09 Apr Hypatia of Alexandria and her Death
Hypatia of Alexandria, who is considered to be the first woman mathematician, was also the first woman to make substantial contribution to the development of mathematics. She was the daughter of the mathematician Theon, the last Professor at the University of Alexandria.
There is no evidence that Hypatia undertook original mathematical research. However she assisted her father Theon of Alexandria in writing his eleven part commentary on Ptolemy's Almagest. It is thought that she also assisted her father in producing a new version of Euclid's Elements which has become the basis for all later editions of Euclid.
All Hypatia's work is lost except for its titles and some references to it. However no purely philosophical work is known and we only know of her work in mathematics and astronomy. She was an excellent compiler, editor, and preserver of earlier mathematical works and is described by all commentators as a charismatic teacher.
Hypatia came to symbolize learning and science which the early Christians identified with paganism and it was enough for Christian fanatics of Alexandria to antagonize her. She was also seen as a 'stumbling block' to the acceptance the 'truth' of Christianity.
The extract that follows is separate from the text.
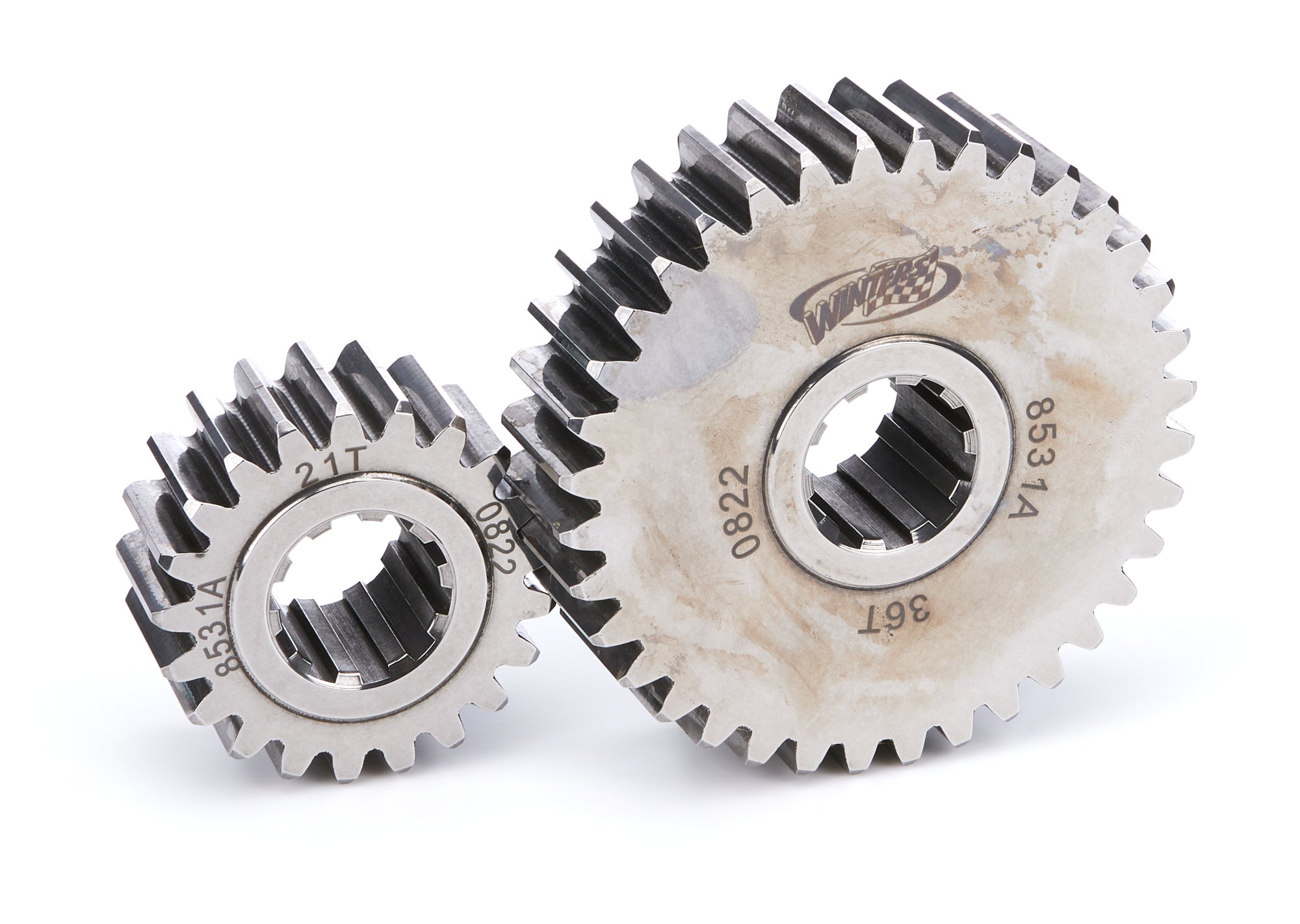 Winters 8531A Quick Change Gears Winters 8531A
She, with her knowledge, expertise, charisma and knack of making difficult mathematical and philosophical concepts understandable to her students, encouraged them to think and ask questions which contradicted the teachings of church.
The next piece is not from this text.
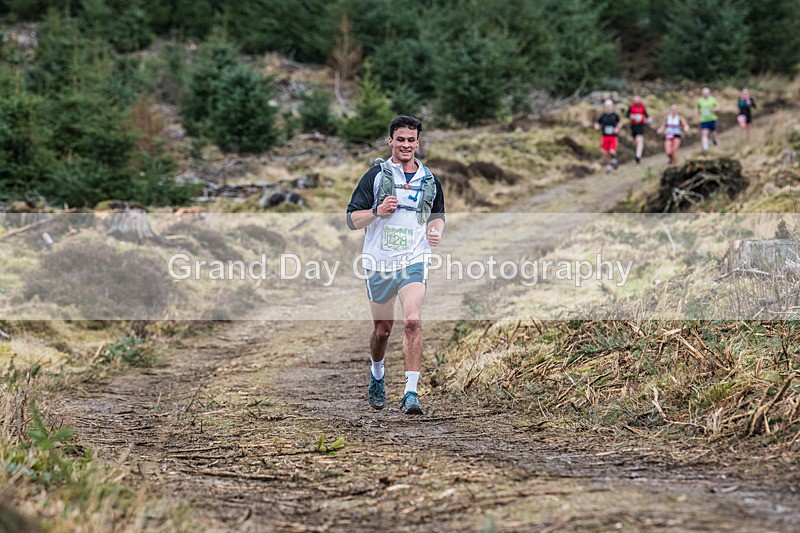 Glentress-1515 - High Terrain Events Glentress Marathon 21 & 10K Trail Races Sunday 18th February 2024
She became victim of the crossfire between Orestes and Cyril who spearheaded conflicts between Christians and non-Christians of Alexandria. In 412 Cyril, (later St Cyril) became patriarch of Alexandria. However, the Roman prefect of Alexandria was Orestes (a pagan). Cyril and Orestes became bitter political rivals as the church and the state fought for control. Hypatia was a friend of Orestes and this, together with prejudice against her philosophical views which were seen by Christians to be pagan, led to Hypatia becoming the focal point of riots between Christians and non-Christians.
She was murdered in 415 CE by a Christian mob who attacked her on the streets of Alexandria. On her way home from delivering her daily lectures at the university, Hypatia was attacked by a mob of Christian monks, dragged from her chariot down the street into a church, and was there stripped naked, beaten to death, and burned. She was also severely tortured by scraping off her skin with clamshells (some say roofing tiles). Even those Christian writers who were hostile to her and claimed she was a witch, portray her as a woman who was widely known for her generosity, love of learning, and expertise in teaching in the subjects of Neo-Platonism, mathematics, science, and philosophy in general.
What certainly seems indisputable is that she was murdered by Christians who felt threatened by her scholarship, learning, and depth of scientific knowledge.
Whatever the precise motivation for the murder, the departure soon afterward of many scholars marked the beginning of the decline of Alexandria as a major center of ancient learning.
MORAL OF THE STORY: If you teach math, do not get involved with religious fanatics.